#### What is required
If pictures appear among the lines below, leave them out while you return exactly the lines from the one with "When DTC P0796" through the one with "This is quite thick.".

Data in this exercise Start Marker

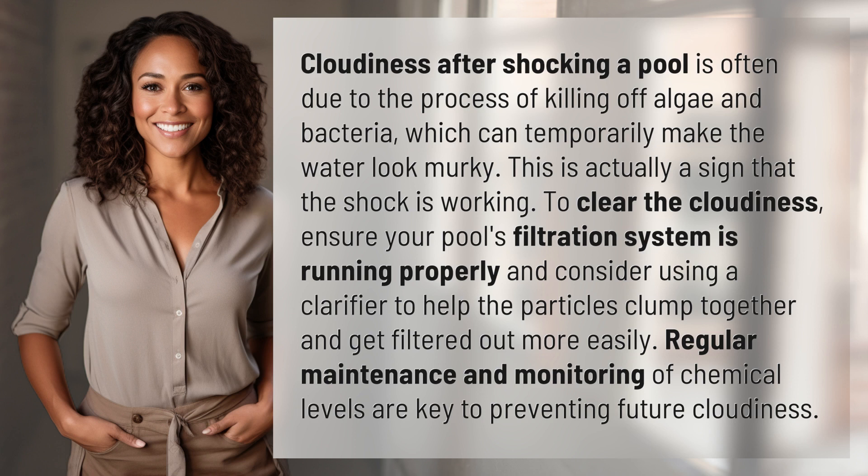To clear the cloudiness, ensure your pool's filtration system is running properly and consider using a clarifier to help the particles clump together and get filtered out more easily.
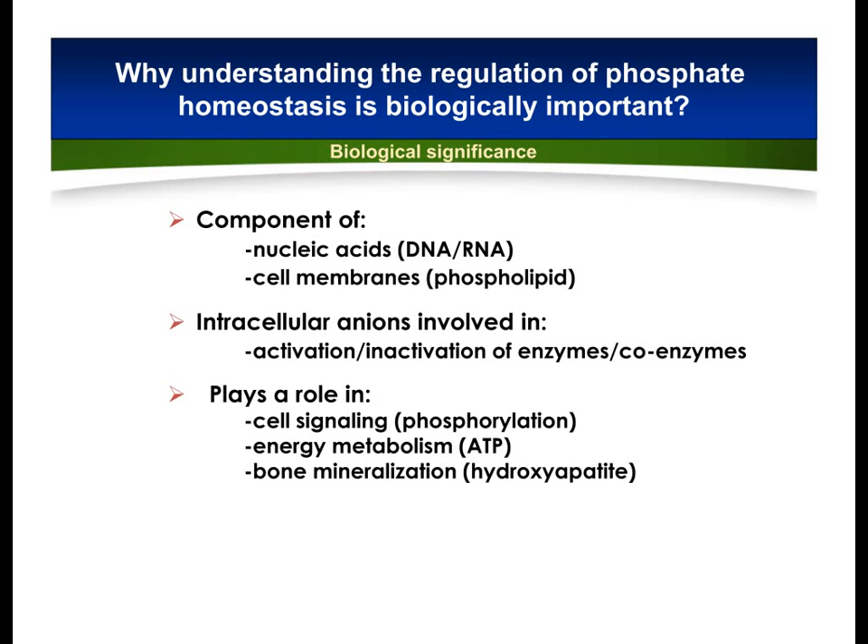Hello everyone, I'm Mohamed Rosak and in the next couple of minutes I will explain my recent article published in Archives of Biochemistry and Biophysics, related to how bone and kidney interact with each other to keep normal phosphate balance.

Data in this exercise End Marker
Data in this exercise Start Marker

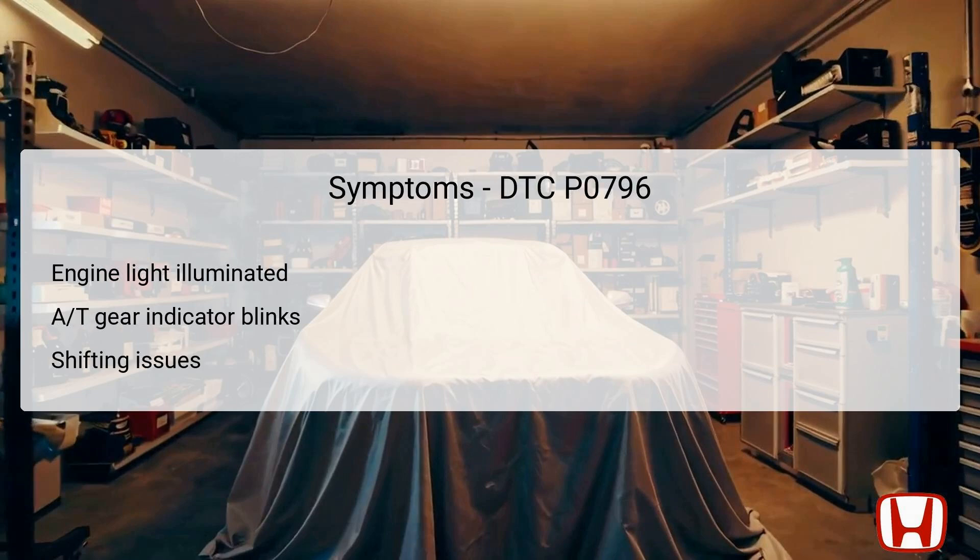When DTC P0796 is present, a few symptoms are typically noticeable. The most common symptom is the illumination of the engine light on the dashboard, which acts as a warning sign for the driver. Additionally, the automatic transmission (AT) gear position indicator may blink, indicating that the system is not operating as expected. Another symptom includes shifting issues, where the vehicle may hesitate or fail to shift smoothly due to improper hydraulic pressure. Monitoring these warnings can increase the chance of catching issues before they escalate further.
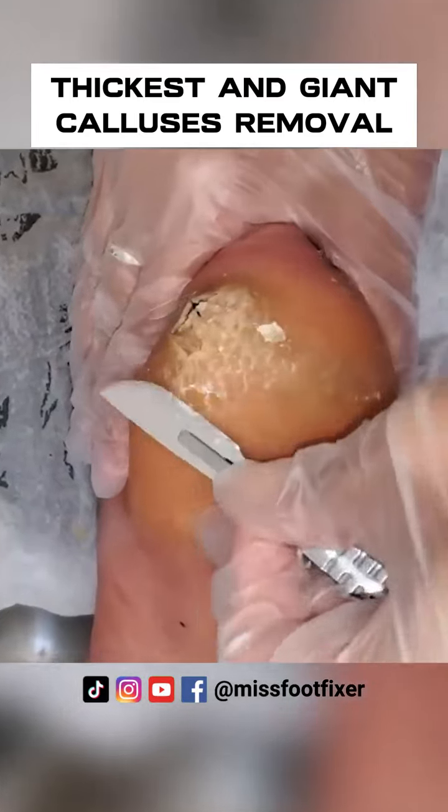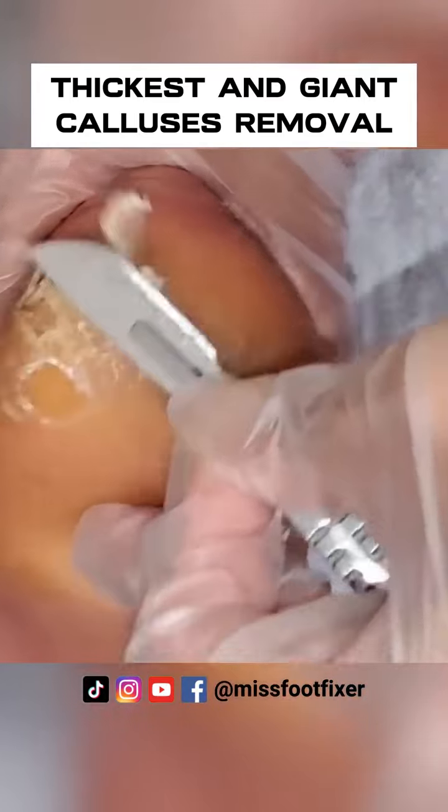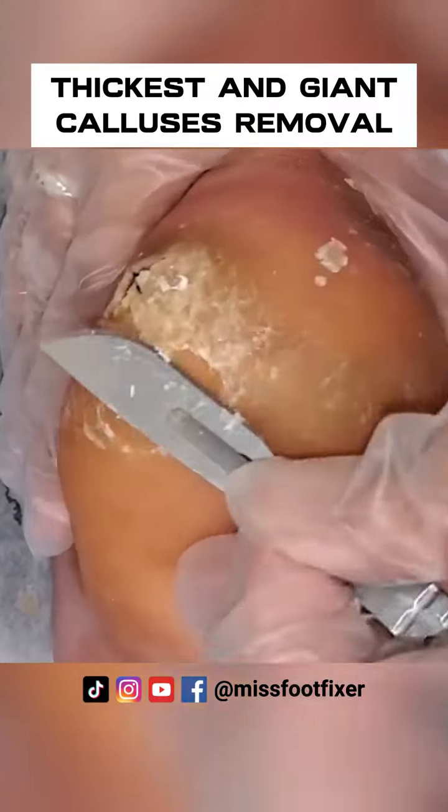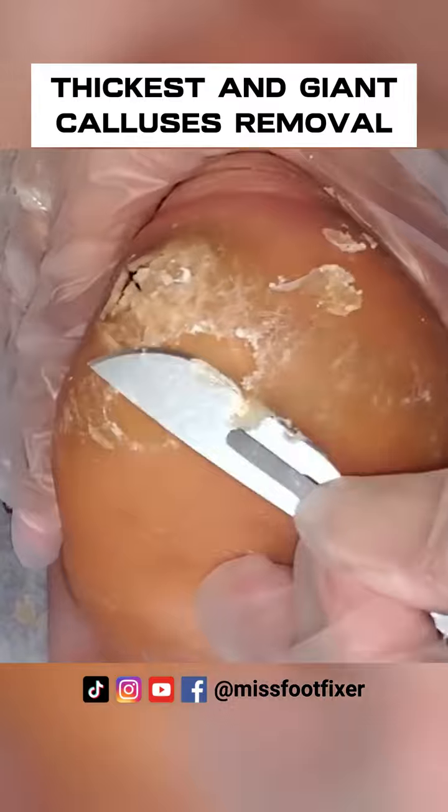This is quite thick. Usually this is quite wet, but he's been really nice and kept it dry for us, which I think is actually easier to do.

Data in this exercise End Marker

#### Response
When DTC P0796 is present, a few symptoms are typically noticeable. The most common symptom is the illumination of the engine light on the dashboard, which acts as a warning sign for the driver. Additionally, the automatic transmission (AT) gear position indicator may blink, indicating that the system is not operating as expected. Another symptom includes shifting issues, where the vehicle may hesitate or fail to shift smoothly due to improper hydraulic pressure. Monitoring these warnings can increase the chance of catching issues before they escalate further.
This is quite thick. Usually this is quite wet, but he's been really nice and kept it dry for us, which I think is actually easier to do.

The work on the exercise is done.